In addition to wedding dresses and aspirational hairstyles, Pinterest users can now pin particular mobile apps. In partnership with Apple, the move effectively positions the picture-based social network as a consumer-driven app discovery platform.
Because of Apple’s involvement, Pinterest users hoping to add apps to their walls will currently have to use an iPhone or iPad.
Along with pinning apps, Pinterest users will be able to discover apps on other users’ boards. “If you see a fitness app that helps you reach your goals, you can download it right from Pinterest,” Julie Black, a product manager at Pinterest writes in a new blog post.
When people come across an app Pin, they only need to tap Install to download the app right to their iPhone or iPad, according to Black.
Apple has updated its App Store page on Pinterest to include separate app categories, including fashion apps, “App Store at Fashion Week,” “People + Apps,” and editors’ picks.
Apps are integral to the mobile Web.

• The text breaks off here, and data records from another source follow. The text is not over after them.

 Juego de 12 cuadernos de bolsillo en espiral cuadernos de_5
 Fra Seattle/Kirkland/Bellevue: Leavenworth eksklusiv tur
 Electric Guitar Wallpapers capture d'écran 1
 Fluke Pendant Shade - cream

The IAB has contested the conventional wisdom that 80% or more of mobile time is spent in-app, but the share of time-spent is still massive.

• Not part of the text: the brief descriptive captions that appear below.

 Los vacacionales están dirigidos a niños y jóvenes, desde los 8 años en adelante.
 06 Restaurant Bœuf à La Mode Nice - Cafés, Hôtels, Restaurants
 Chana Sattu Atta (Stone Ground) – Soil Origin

Yet, with millions of apps flooding the market, app-overload is increasingly a problem for consumers and app platforms like Apple. Letting Pinterest’s community separate the ripe from the rotten offerings could be good for everyone.
For Pinterest, adding apps to the mix could also be part of a broader effort to attract more male users. According to a Global Web Index social report, 80% of Pinterest users were female by May 2014. And, while some argue that this is not necessarily a problem, Pinterest is clearly trying to encourage more male participation.
Among other changes, the company recently added a gender filter to its "guided search" feature so users -- both male and female -- could find more relevant pages.
Analysts say Pinterest’s value lies largely in its consumer data. The network’s users share “the kind of purchase intent data that’s more commonly seen on search engines like Google,” Nate Elliott, principal analyst at Forrester Research, explained in a recent report. “Just as ads targeted with Google’s data generate outstanding direct response, so will ads targeted with Pinterest’s data.